Phillip has been so sweet over the last few weeks to take the boys along with him a little more often so that I can have bits and pieces of alone time. I’m the type of person who processes things through contemplative thinking and often through writing. But in the busyness of our move and remodel, homeschooling the boys, and making baby preparations, I have not been doing a very good job of nurturing my soul with regular alone time.
So in preparing for my baby girl’s impending arrival, I feel the need to process some of my thoughts and feelings about having a daughter. Bear with me here…
When I first found out that we were having a girl, I was a little overwhelmed by the cultural stereotypes for little girls…pink, glitter, princesses, etc.

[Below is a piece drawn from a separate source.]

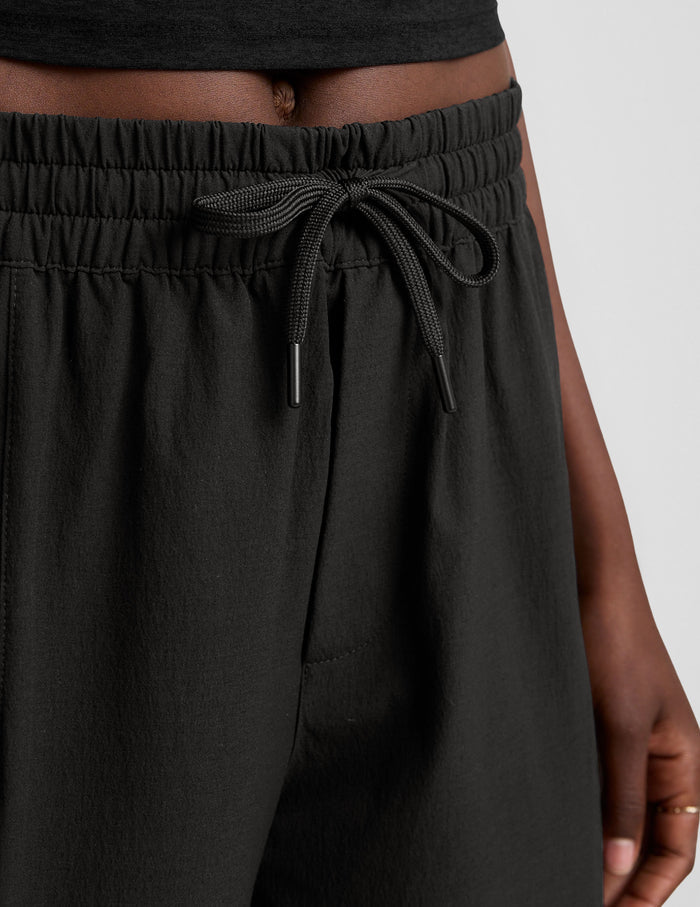 Woman wearing black Peak Pant™ with a black crop top, featuring an elastic waistband, drawcord, and side zipper pocket.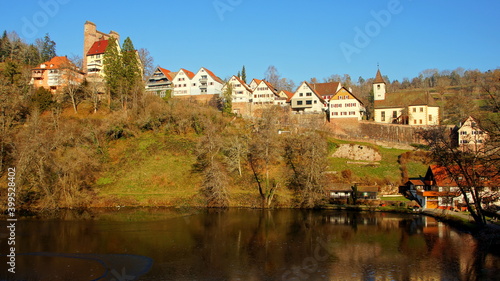 Dorf Berneck mit malerischen Häuserfronten und alter Burg auf hohem Berg über schönem See in der Sonne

I have never really felt that I fit neatly under any category of girl stereotype.
I was never quite girly enough for the hot pink, squealy, girly crowd, but still too girly to hang out with the tomboys. I was too smart to pass for a ditzy flirt, but didn’t care enough to debate with the passionate intellects.
I was kind of a floater.
Even as an adult, I struggle to fit in.
I won’t leave the house without makeup, but I’d rather have paint under my nails than polish on top. I love being a stay-at-home, homeschooling, crafty mom, but I also have a burning passion for ministry and business endeavors. I’d rather sit and talk theology and vision with church leadership than go out for brunch and shopping with the ladies. I love getting lost in a good book, and I also love to throw a good party. I cloth diaper, co-sleep, babywear and breastfeed, but I have zero desire to have a home birth and you will find paper towels hidden under my sink and my fridge stocked with Coke Zero. I love to decorate my house, but would also sell everything and move to the mission field to live off the grid if that is how God directs.
The different parts of me just don’t always seem to make a whole lot of sense when put together, and certainly don’t fit neatly inside a box or under a label.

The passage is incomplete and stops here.